Select Page

Contracts II
University of Alabama School of Law
Henning, William H.

Contracts 2: Outline
Chapter 4: The Bargain Relationship – Insufficient Agreements : Indefinite, Incomplete, Deferred Terms – NO CONTRACT SITUATIONS
1. “Mistakes”- Over-arching term; 3 types:
a. Misunderstanding (parties use the same words and mean different things- NOT MISTAKE CASE) – This is it’s own category of mistake = Insufficient Agreements
b. Mutual Mistake ( parties share a mistaken belief about an existing fact)- Ch. 5
c. Unilateral Mistake ( one party is mistaken about a fact) –Ch.5
2. 4 Insufficient Agreement Situations:
a. Misunderstanding of Terms
b. Ambiguous Terms (neither party gives specific meaning to term)
c. Missing Terms
d. Agreements to Agree
3. Misunderstanding of Terms; 3 possible states of mind (level) : Both parties different meanings
a. No Reason to Know
b. Reason to Know : reasonable person would have inferred other parties true meaning; element of carelessness, but not level of deviousness w/ knowledge
c. Knowledge: buyer had actual knowledge that seller meant Peerless #1 but didn’t raise the issue
d. Restatement (Second) 20 (pg. 396)
(1) Tells us when no contract: No mutual assent if parties attach a materially (refers to distinction in meaning→ must be material distinction) different meaning to a material term( not within R2 but applied by courts) IF:
a. Neither party had reason to know L2 (meaning attached by other)→ no contract
b. Neither party had knowledge or reason to know L1 → no contract
i. Court would never apply section 1 and find no contract, if not a material term; if immaterial term we will find contract, we will use meaning of one party or gap filler, not of sufficient import to invalidate
(2) Tells us 1.) when to find contract 2.) who controls
a. This tells us what happens if they are on different levels, if when you do analysis party on same level no contract
b. If different, party who is more innocent (L1) will have their terms control
c. SUBJECTIVE THEORY: in play here, we have to look at what the parties subjectively thought, in order to ascertain whether manifestation of assent (should the buyer have been able to figure out what the buyer meant; and vice versa)

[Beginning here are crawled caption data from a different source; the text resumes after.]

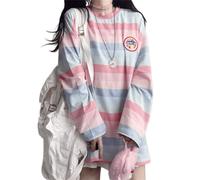 SHINsuke Sweat-shirt kawaii coréen mignon japonais Preppy arc-en-ciel rayé T-shirt à manches longues décontracté streetwear chemisier top, rose, X-Large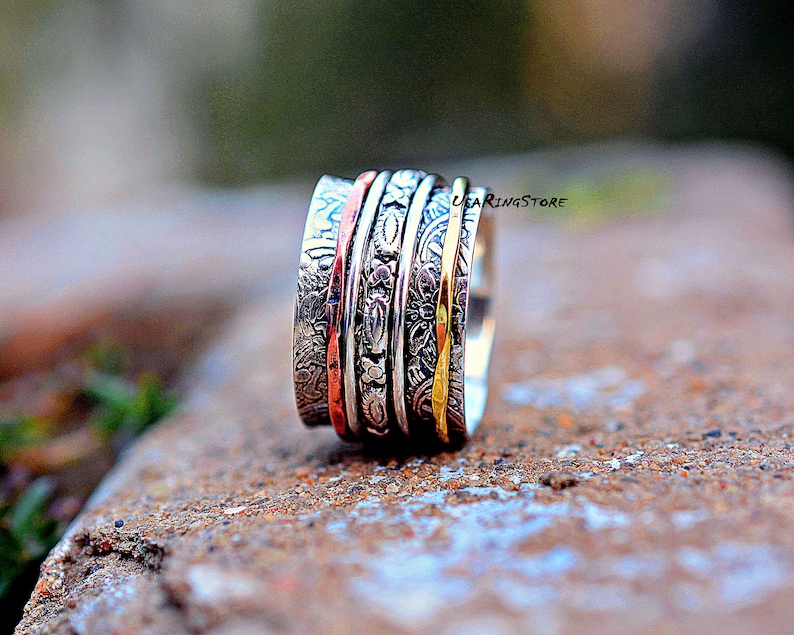 Sterling Silver Ring* Spinner Rings For Women* Multi Spinner Ring* Boho Ring* Best Gift For Her* Spinning Ring* Three Tone Spinner Ring*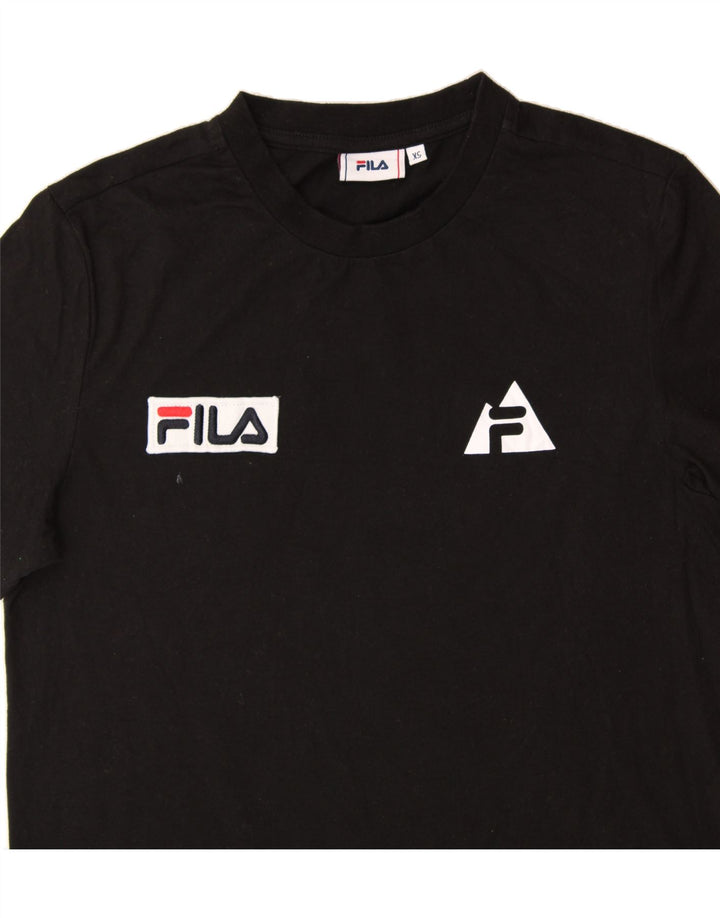 FILA Mens Graphic T-Shirt Top XS Black Polyester Vintage Fila and Second-Hand Fila from Messina Hembry 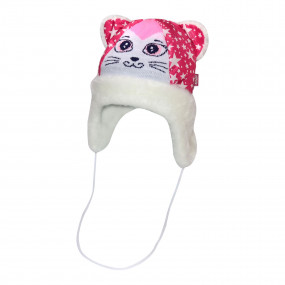 Шапка зимова Киця, малиновий в зірки 2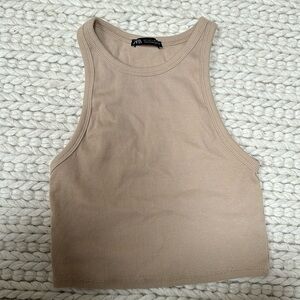Zara Brown Ribbed Cropped Tank Top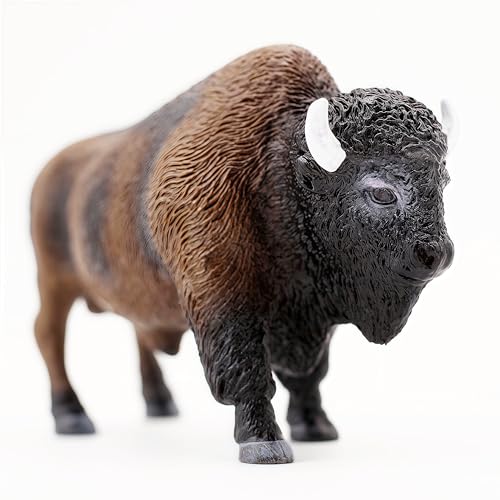 Gemini&Genius North American Bison Figurine Animal Toy, Bull Action Figure, Wildlife Play Toy for Kids, Hand Painted, Realistic and Durable Toys for Children Boys and Girls Gift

e. “Peerless”- Raffles v. Wichelhaus
i. Misunderstanding case- Dispute over cotton shipment; 2 ships named “Peerless,” one party was thinking of Peerless 1 and other thinking about Peerless 2; 1 arrived earlier than the other
ii. Discussion as to whether “Peerless” should have been considered a material term, since it really only has to do with mode of delivery, which ship→ court makes it out as the delivery date is in question, and is material
iii. Latent ambiguity – not obvious that there were 2 ships named Peerless
iv. Result: Since material term + no reason to know = no mutual assent, no contract
f. Konic v. Spokane:
i. Dispute over a surge protector system; seller quotes “fifty-six twenty,” (meaning 5620.00) seller shopping in the range of 50-200 dollars, thinks he means (56.20)

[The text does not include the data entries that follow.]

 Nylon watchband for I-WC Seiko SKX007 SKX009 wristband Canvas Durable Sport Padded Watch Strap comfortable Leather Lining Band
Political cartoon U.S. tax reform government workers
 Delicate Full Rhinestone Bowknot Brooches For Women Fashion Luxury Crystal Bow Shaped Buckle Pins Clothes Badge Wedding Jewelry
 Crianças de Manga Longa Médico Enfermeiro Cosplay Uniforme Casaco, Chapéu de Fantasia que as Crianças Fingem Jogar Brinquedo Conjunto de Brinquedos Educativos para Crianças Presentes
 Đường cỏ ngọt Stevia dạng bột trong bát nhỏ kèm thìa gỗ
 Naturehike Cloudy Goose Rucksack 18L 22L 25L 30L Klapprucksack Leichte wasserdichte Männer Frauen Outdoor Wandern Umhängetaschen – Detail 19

ii. Some indication that seller had reason to know that buyer was looking in different price range- also some evidence that buyer was careless in not realizing equipment was worth lots of money ( both could be L1 or L2?)
iii. Appellate court wants to dispose of case- parties have already spent too much in legal fees and seller is in a better position to re-sell system so makes analogous to Raffles and holds NO CONTRACT
4. AMBIGUOUS TERM- Indefiniteness (neither party had a definite meaning
a. Varney v. Ditmars- Employment dispute, employee promised “a fair share of the profits” if he helps w/ busy season, gets sick, still claims “fair share”
i. Here we have indefiniteness not misunderstanding b/c neither party attached a specific meaning to the material term (so not enforceable b/c too indefinite)
1. Patent Ambiguity- no clear meaning
ii. Cardozo Dissent (thinks we should give “ obj.” meaning to term where possible via):
1. “percentage regulated by custom”- look at transactional history etc..
2. Agrees that in this case no obj. basis so term is fatal
iii. Quantum Meruit: (other possible remedy discussed)
1. (pg. 403) → similar to “quasi-contract” off-shoot; applied to situations where could apply Wade test, but obvious that it is business transaction, but still non-contractual basis for recovery; if they used this basis for recovery he would get value of services rendered, based on fair market value (would not have really given him a different result)
a. Common law approach: : look at contracts of the same type (ex. employment contract, common in these type contracts to state the duration or specific job hired to do (range of responsibility);
i. if a contract says nothing about either then parties haven’t reached a contract yet..still negotiating= missing material term fatal to contract,
ii. but if you do work for me still have a remedy via quasi contract)
b. UCC Approach: (asks):
i. Did the parties intend to be bound?
ii. Is there some objective basis for filling the gap?
6. AGREEMENTS TO AGREE (party says we will fill in the term at some later time)
a. Agreement to Agree 2 steps:
i. Did the parties intend to be bound to agreement?
ii. Is there an objective basis on which to fill in the term?
1. This approach adopted by UCC, Restatement
b. MGM v. Scheider (contract says will agree later on dates when Scheider will start work on the film; he gets better gigs wants to get out of the contract)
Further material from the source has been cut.